**Exercise prompt**
Identify and copy all lines of the material where the string "Full" is found.

------------------------------

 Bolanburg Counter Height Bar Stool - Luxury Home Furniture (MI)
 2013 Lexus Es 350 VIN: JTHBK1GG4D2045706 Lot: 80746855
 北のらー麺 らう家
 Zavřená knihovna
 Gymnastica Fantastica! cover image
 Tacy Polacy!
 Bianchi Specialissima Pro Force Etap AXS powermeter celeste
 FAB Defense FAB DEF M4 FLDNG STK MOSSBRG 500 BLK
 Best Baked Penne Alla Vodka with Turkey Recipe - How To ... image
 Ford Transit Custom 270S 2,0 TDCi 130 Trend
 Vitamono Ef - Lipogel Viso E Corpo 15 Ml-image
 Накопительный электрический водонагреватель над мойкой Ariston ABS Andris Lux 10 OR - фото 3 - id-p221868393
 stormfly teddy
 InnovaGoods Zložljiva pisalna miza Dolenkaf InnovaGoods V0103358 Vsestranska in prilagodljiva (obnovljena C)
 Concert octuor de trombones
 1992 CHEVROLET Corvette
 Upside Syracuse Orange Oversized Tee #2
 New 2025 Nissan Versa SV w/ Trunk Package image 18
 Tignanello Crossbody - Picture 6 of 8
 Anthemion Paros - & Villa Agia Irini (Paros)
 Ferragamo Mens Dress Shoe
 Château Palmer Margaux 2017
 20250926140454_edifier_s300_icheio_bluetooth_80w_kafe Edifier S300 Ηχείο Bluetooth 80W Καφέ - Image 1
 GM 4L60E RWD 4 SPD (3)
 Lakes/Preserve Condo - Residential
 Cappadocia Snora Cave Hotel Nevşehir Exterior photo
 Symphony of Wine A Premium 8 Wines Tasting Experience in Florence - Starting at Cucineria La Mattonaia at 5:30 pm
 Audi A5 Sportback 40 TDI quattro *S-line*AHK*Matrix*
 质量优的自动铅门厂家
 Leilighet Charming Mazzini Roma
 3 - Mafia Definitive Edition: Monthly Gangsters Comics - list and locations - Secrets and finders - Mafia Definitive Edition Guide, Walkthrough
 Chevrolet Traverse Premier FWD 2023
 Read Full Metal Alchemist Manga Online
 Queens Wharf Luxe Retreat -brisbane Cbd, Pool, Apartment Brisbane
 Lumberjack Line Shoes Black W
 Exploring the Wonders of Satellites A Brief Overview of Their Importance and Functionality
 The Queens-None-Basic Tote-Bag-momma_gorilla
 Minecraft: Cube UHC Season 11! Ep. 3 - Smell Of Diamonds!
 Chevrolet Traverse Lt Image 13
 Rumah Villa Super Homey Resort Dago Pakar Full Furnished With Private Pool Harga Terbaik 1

------------------------------

**Output**
 Read Full Metal Alchemist Manga Online
 Rumah Villa Super Homey Resort Dago Pakar Full Furnished With Private Pool Harga Terbaik 1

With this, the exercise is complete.